02 April 2019

New Ancestry Canada advertising

Here's a challenge. How would you advise Ancestry.ca to advertise? Like all companies, it needs new customers. It wants to attract the attention of those not presently into family history while not alienating existing customers.

Ancestry.ca's latest TV ads, which start running today, are "designed so viewers feel like they’re watching a historical drama – with stories including a family grappling with the decision to leave Ireland for Canada during the potato famine, a brave young man with a weak heart finding out if his doctor will allow him to sign up for WWI, and an interracial couple fleeing the US to get married in Canada during the 1860s."

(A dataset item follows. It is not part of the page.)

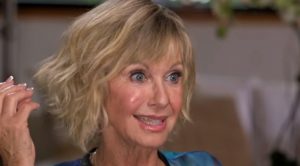 Olivia Newton-John y cómo lidia con el cáncer: No quiere saber cuánto le queda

As explained by Ancestry, the idea is that with each story, you are dropped into a dramatic turning point in someone’s family history, but then right at the climax, it cuts out, showing that these discoveries and life-changing decisions about our ancestors can be discovered with Ancestry. And without you making those discoveries, the story stops there.

Here they are:









What do you think? Are they likely to be effective in attracting new customers? Or do you think folks would rather see the Bathfitter ad again?

2 comments:

K said...

Advertise more More Free Weekends on television. Doesn't even have to a weekend...just a Saturday (WITHOUT HAVING TO GIVE A CREDIT CARD NUMBER). If they did one free day a month....people would get the hang of the system....find what they are looking for...get hooked...and want more, so would sign up. Ancestry is too expensive for people who are afraid that they might not find anything = money wasted, or who don't know how to search properly. To sum up, once people start to find their records, they will sign up.

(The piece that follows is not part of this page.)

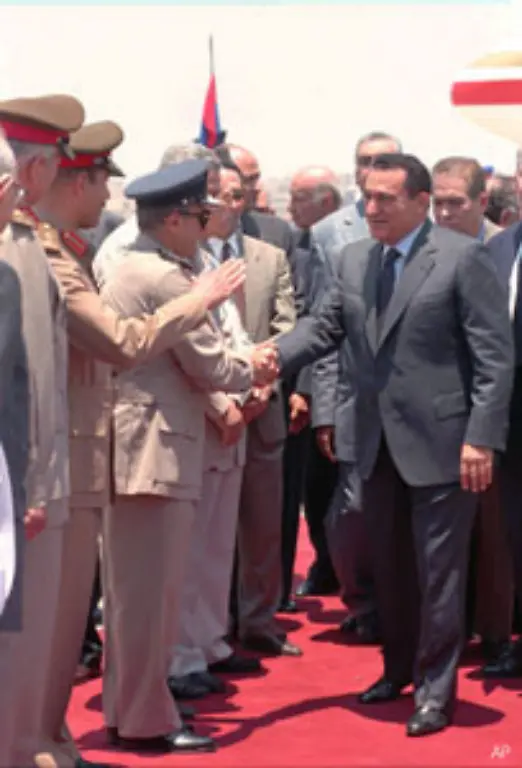 Aegyptens-Praesident-Hosni-Mubarak-ist-wegen-der-wichtigen-strategischen-Lage-seines-Landes-ein-Haetschelkind-des-Westens-Er-ist-seit-1981-im-Amt-Oppositionelle-Kandidaten-wurden-bei-den-Praesidentenwahlen-massiv-behindert-Mubarak-machen-die-islamistischen-Moslembrueder-zu-schaffen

The second thing is most people are uncomfortable paying with a credit card on-line. Major banks get hacked, major companies get hacked, its only a matter of time before personal information is stolen from Ancestry too. So, if Ancestry announced in their commercials that people can pay over the phone with their credit card number, and get instant access, that would also encourage people to sign up.

Teresa said...

And, of course, what they don't mention, is that one can use Ancestry for free at many public libraries with Ancestry Library Edition. While you can't link records directly to your tree, you can download and save them and manually attach to an online tree or add to a desktop app.